On the road, the EQ is the pick of all the Fortwo models. Its 80bhp electric motor, juiced up by a 17.6kWh battery, is quiet, smooth and, in typical electric car fashion, effortlessly quick from the get-go. 

Officially, the EQ Coupé takes a leisurely-sounding 11.5sec to hit 0-62mph (11.8sec for the Cabrio), but the instant hit of torque from the electric motor the minute you put your foot down makes it feel much zippier than the numbers suggest. And besides, that’s quicker than the Zoe and e-Up can manage. It feels less adept at motorway speeds, though; its rate of acceleration drops off markedly the nearer you get to its top speed of 80mph.

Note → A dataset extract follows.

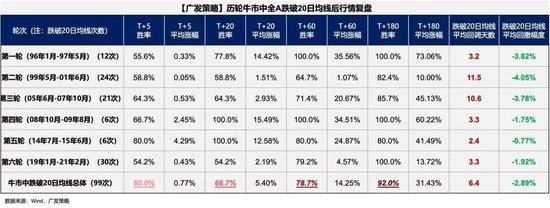 广发策略：6轮牛市99次跌破20日均线后是如何演绎的？-第1张图片-特色小吃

Be warned: on the motorway, its battery power will disappear rapidly. You see, electric cars maintain charge best at lower speeds, when they can also regenerate electrical energy under braking that would otherwise be lost, feeding it back into the battery. A side effect of this, though, is an often inconsistent-feeling, grabby brake pedal, something that the Fortwo is not immune to, although it falls short of being as sharp as the Zoe’s.

The Zoe – and the e-Up, for that matter – ride better, mind. While the Fortwo EQ is more composed than the regular petrol version, it still bounces and jiggles over broken town roads as a result of its short wheelbase. Both its rivals feel more settled, especially the faster you go.

The EQ’s handling is a little better than that of standard Fortwos, too. That’s thanks to a lower centre of gravity gained from having the battery under its seats; you still get a fair amount of body lean through corners, but not to quite the same alarming angles as the petrol versions manage. It’s still not as good as its rivals, though.

What the Fortwo EQ gives away to better-handling rivals such as the e-Up in cornering dynamism along twisty roads, it pulls back with its nimbleness in town. Its light steering and ultra-compact proportions allow it to nip through the smallest of gaps easily and slot into the tightest parking spaces. In the city, then, it’s hard to beat.

All electric cars offer near-silent acceleration due to their whispering electric motors, but as you pick up speed in the Smart, that’s all undone by the shrill wind noise, especially from around the roof of the Cabrio model, and plenty of road noise. The Renault Zoe isn’t that quiet in this respect, either, but it’s better than the Fortwo.